Hundreds of Uber drivers in two dozen cities, including San
Francisco, Miami and Boston, for the first time will add their
voices to the union-backed "Fight for $15" campaign that has
helped convince several cities and states to raise starting pay
significantly above the U.S. minimum wage of $7.25.
Justin Berisie, 34, drives for Uber in Denver and is joining
"Someone who lives in America and goes to work every day,
that person deserves a decent living," said Berisie, who has a
5-year-old daughter and is struggling to make ends meet. He said
he earns $500 or less, before expenses such as gasoline, during
an average week where he is on duty for 50 to 60 hours.
The four-year-old "Fight for $15" movement includes
fast-food workers, home care aides, airport baggage handlers and
other low-wage employees. Organizers from "Fight for $15," which
is backed by the Service Employees International Union, say the
campaign's Nov. 29 demonstrations will take place in 340 cities
and nearly 20 of the nation's busiest airports.

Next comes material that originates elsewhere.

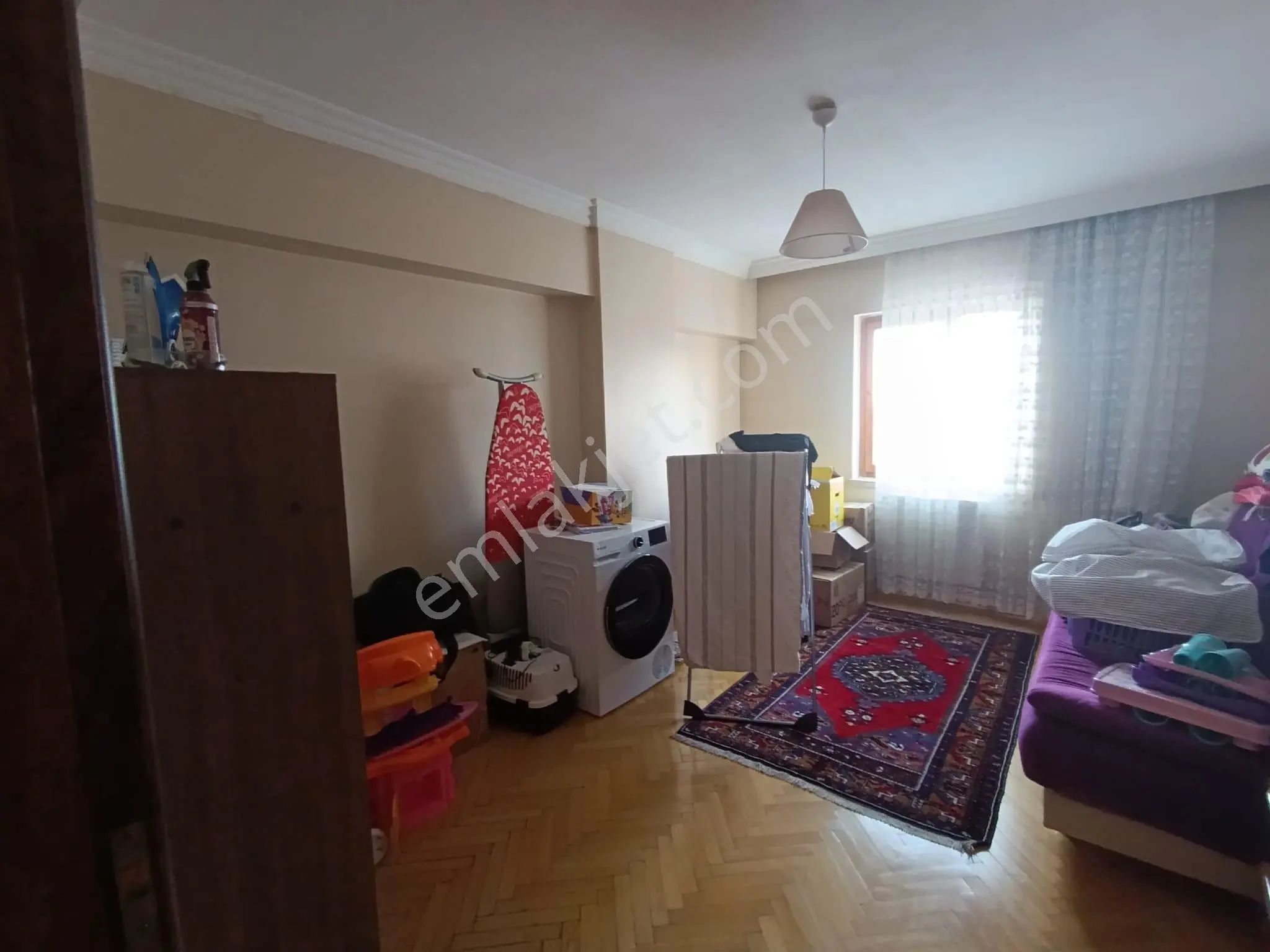 Çankaya Ata Mah.lizbon Cad.üzerinde Kapalı Otoparklı Kiralık - Görsel 18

U.S. policy is expected to become less worker friendly
following the election of Trump, a international businessman who
will be president as fellow Republicans control both chambers of
Congress as well as federal agencies that govern the formation
of unions, overtime rules and more.
Uber drivers have sued the company in several states,
accusing it of depriving drivers of various employment
protections by misclassifying them as independent contractors.
The lawsuits are a test for companies such as Uber
Technologies Inc, a high-profile player in the
so-called "sharing economy," which say that their contractor
model allows for flexibility that many see as important to their
success. A legal finding that drivers are employees could raise
Uber's costs and force it to pay Social Security, workers'
compensation, and unemployment insurance.